Required work
Beginning at the line that holds "Внешний накопитель HP", repeat every line through the last line of the material, exactly, and drop any pictures.

Information shown
■ ■ ■

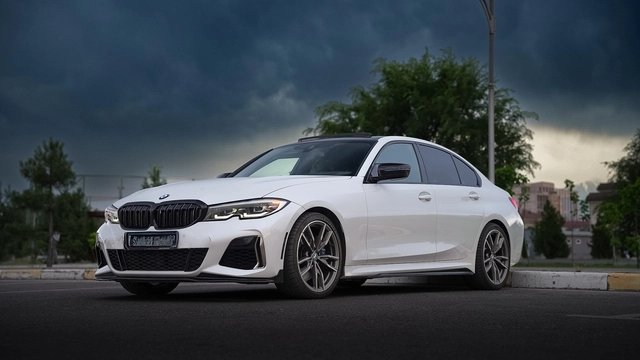 BMW 3 серии VII (G2x) 2019 — фото 1 из 5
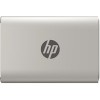 Внешний накопитель HP P500 250GB 7PD51AA (серебристый)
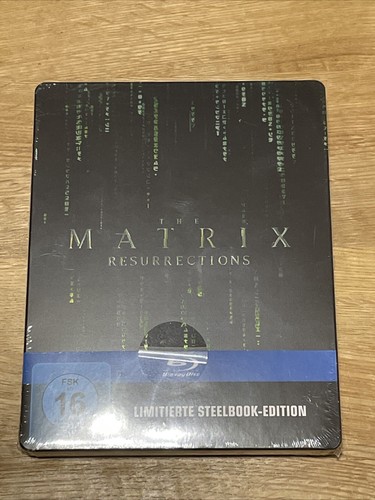 The matrix resurrections teil - resurrections,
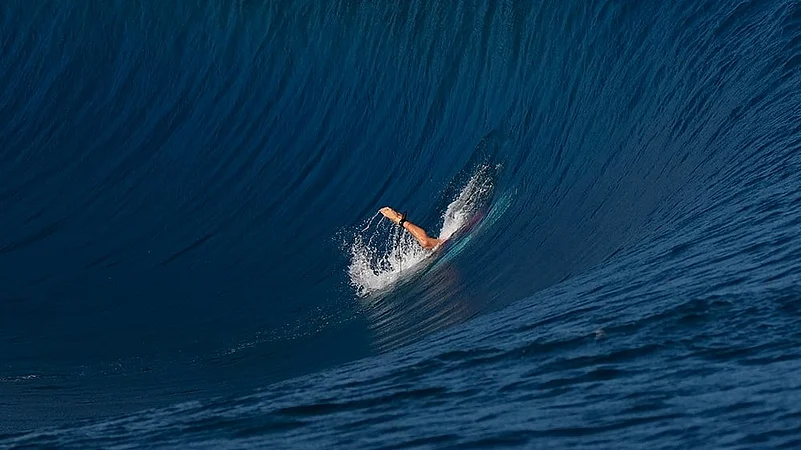 2024 Paris Summer Olympics Day 4 Photo Gallery_surfing competition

■ ■ ■

Task answer
 Внешний накопитель HP P500 250GB 7PD51AA (серебристый)
 The matrix resurrections teil - resurrections,
 2024 Paris Summer Olympics Day 4 Photo Gallery_surfing competition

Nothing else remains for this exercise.